Methods and study design- Human breast cancer cells (MDAMB231) and breast epithelial cells (MCF12A) cultured in complete growth medium were compared to those incubated in medium containing no amino acids. Steady state autophagy levels were monitored using classical protein markers of autophagy (LC3-II and beclin-1) and the acidic compartmentalization in cells (Lysotracker™ red dye) in conjunction with autophagy inhibition (bafilomycin A1 and ATG5 siRNA). Cell viability was monitored using several techniques, including caspase 3/7 activity. ATP levels were assessed using a bioluminescent assay, while mass spectrometry based proteomics was used to quantify cellular amino acid levels. Similar techniques were used to monitor autophagy during doxorubicin treatment, while cellular doxorubicin localization was monitored using immunofluorescence microscopy. Finally, a completely novel GFP-LC3 mouse tumour model was designed to assess autophagy and caspase activity within tumours in vivo, during protein limitation and doxorubicin treatment.

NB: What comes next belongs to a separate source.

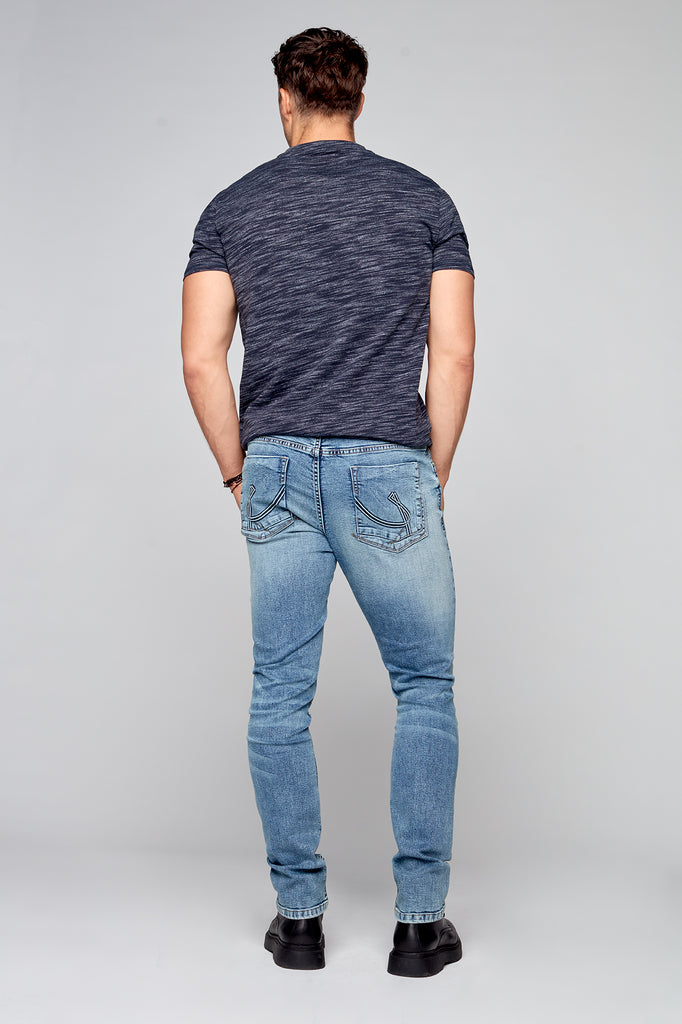 5 Pocket Straight Fit Jeans - Light Blue Wash - DENIM SOCIETY™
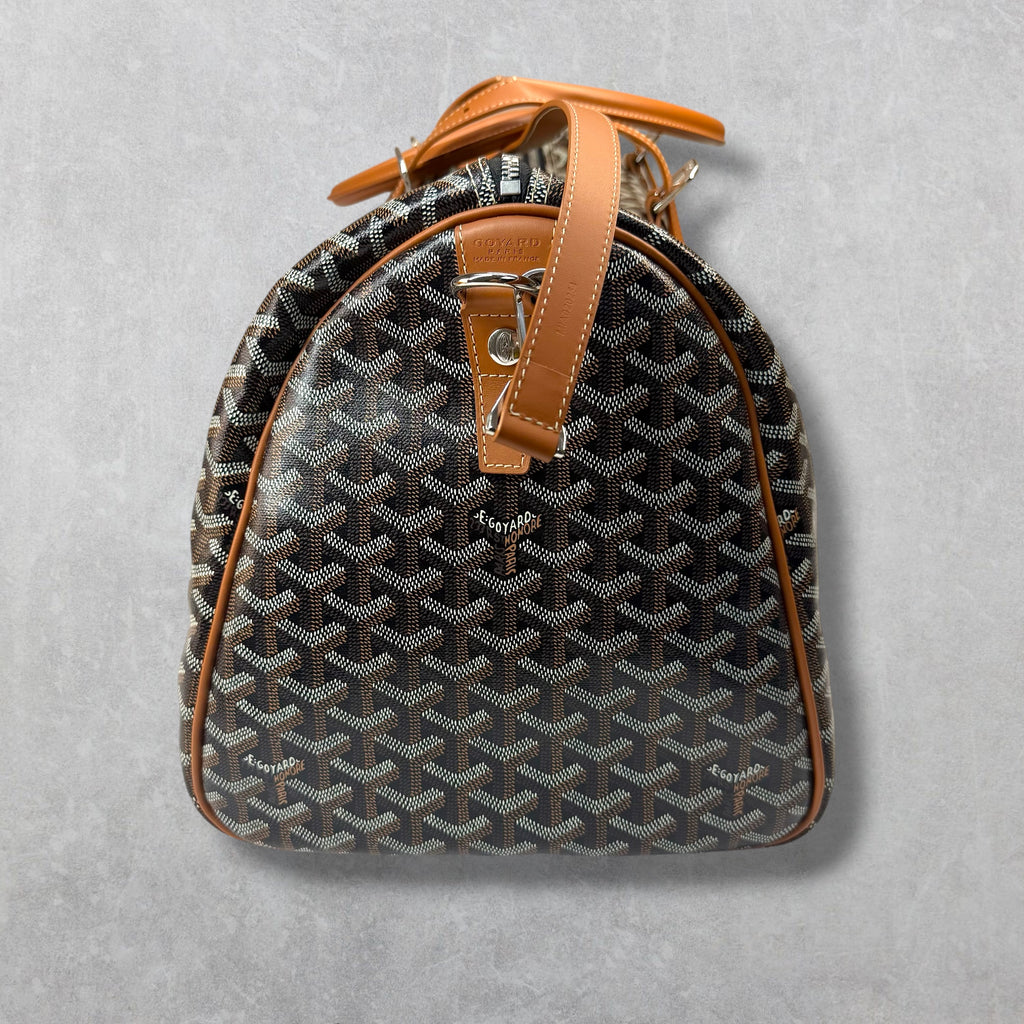 Goyard Boston 50 Duffle w/ Cuir MM Strap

Results - Amino acid deprivation resulted in a transient increase in autophagy at approximately 6 hours of amino acid starvation in MDAMB231 cells. The amino acid content was preserved within these cells in an autophagy-dependent manner, a phenomenon that correlated with the maintenance of ATP levels. Inhibition of autophagy during these conditions resulted in decreased amino acid and ATP levels and increased signs of cell death. MCF12A cells displayed a greater tolerance to amino acid starvation during 24 hours of amino acid starvation. Evidence indicated that autophagy was important for the maintenance of amino acid and ATP levels in these cells and helped prevent starvation-induced cell death.
Furthermore, data showed that concomitant amino acid withdrawal resulted in decreased cellular acidity in MDAMB231 cells, and increased acidity in MCF12A cells, during doxorubicin treatment. These changes correlated with evidence of increased cell death in MDAMB231 cells, but a relative protection in MCF12A cells. A novel model was used to apply these techniques in vivo, and although mice fed on a low protein diet during high dose doxorubicin treatment had increased mean survival and smaller tumour sizes, evidence suggested that autophagy is protecting a population of cells within these tumours.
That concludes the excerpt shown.